Your instructions:
In the entries below, which lines run from the one containing "Immobiliare Carlina 74 (Srl)" to the one containing "10 Banksia Street, Sussex Inlet NSW 2540"? Copy exactly those lines, ends included, and no others.

Input for this task:
────────────────────

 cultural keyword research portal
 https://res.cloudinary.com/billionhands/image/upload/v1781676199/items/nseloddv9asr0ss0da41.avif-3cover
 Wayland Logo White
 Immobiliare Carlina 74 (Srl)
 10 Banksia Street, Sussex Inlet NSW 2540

────────────────────

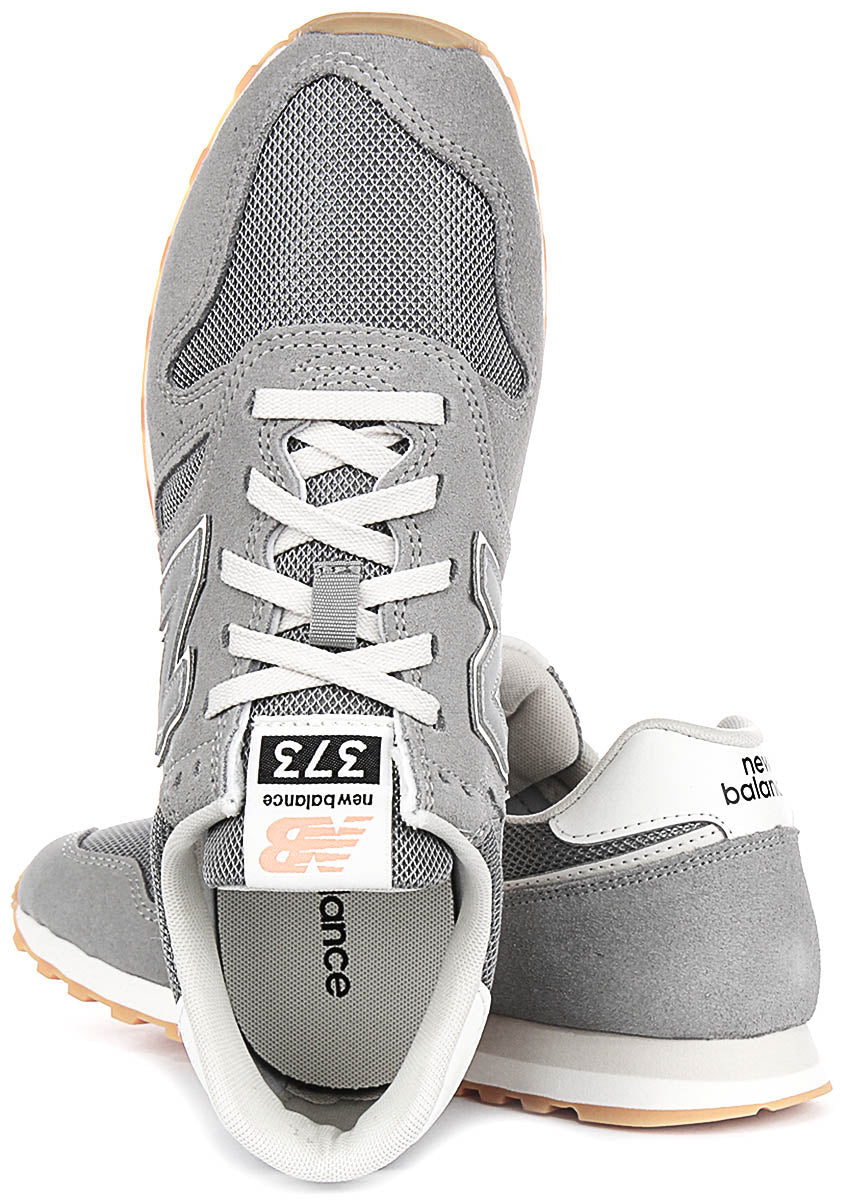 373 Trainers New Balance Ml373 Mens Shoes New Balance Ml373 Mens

────────────────────

Result for this exercise:
 Immobiliare Carlina 74 (Srl)
 10 Banksia Street, Sussex Inlet NSW 2540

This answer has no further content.